DATA SEGMENT:
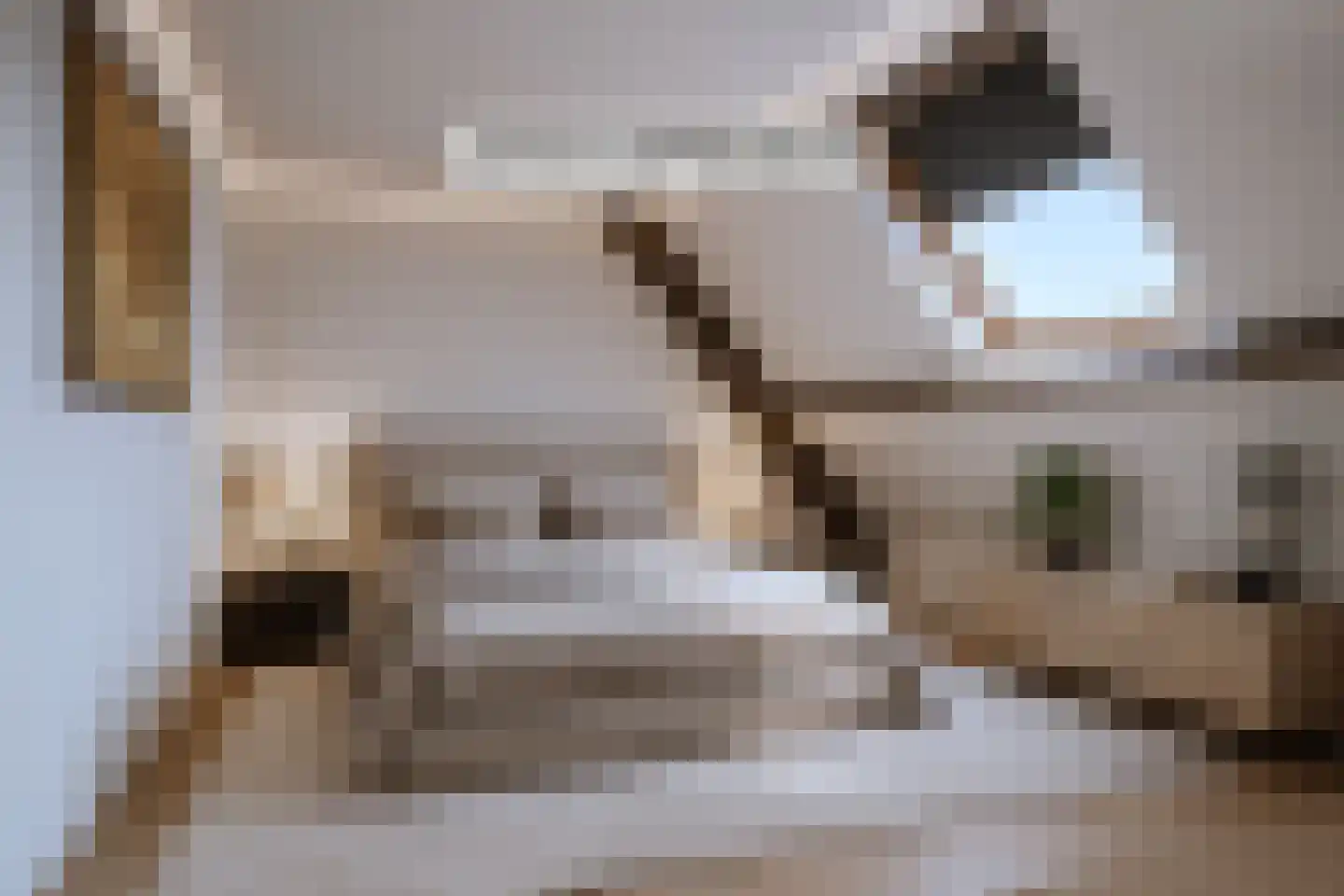 Kranenhofscheweg 1 Escharen thumbnail 22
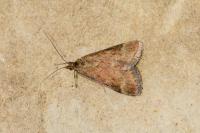 Pyrausta despicata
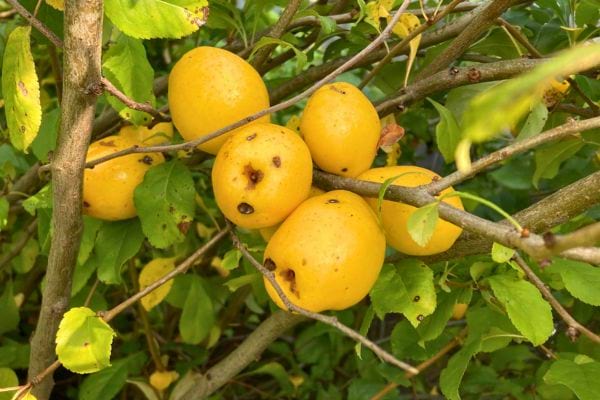 Quetsches jaunes sur une branche.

AIM OF THE TASK:
Exact repetition of each line above is expected; images are to be omitted.

ANSWER FOR THIS EXERCISE:
 Kranenhofscheweg 1 Escharen thumbnail 22
 Pyrausta despicata
 Quetsches jaunes sur une branche.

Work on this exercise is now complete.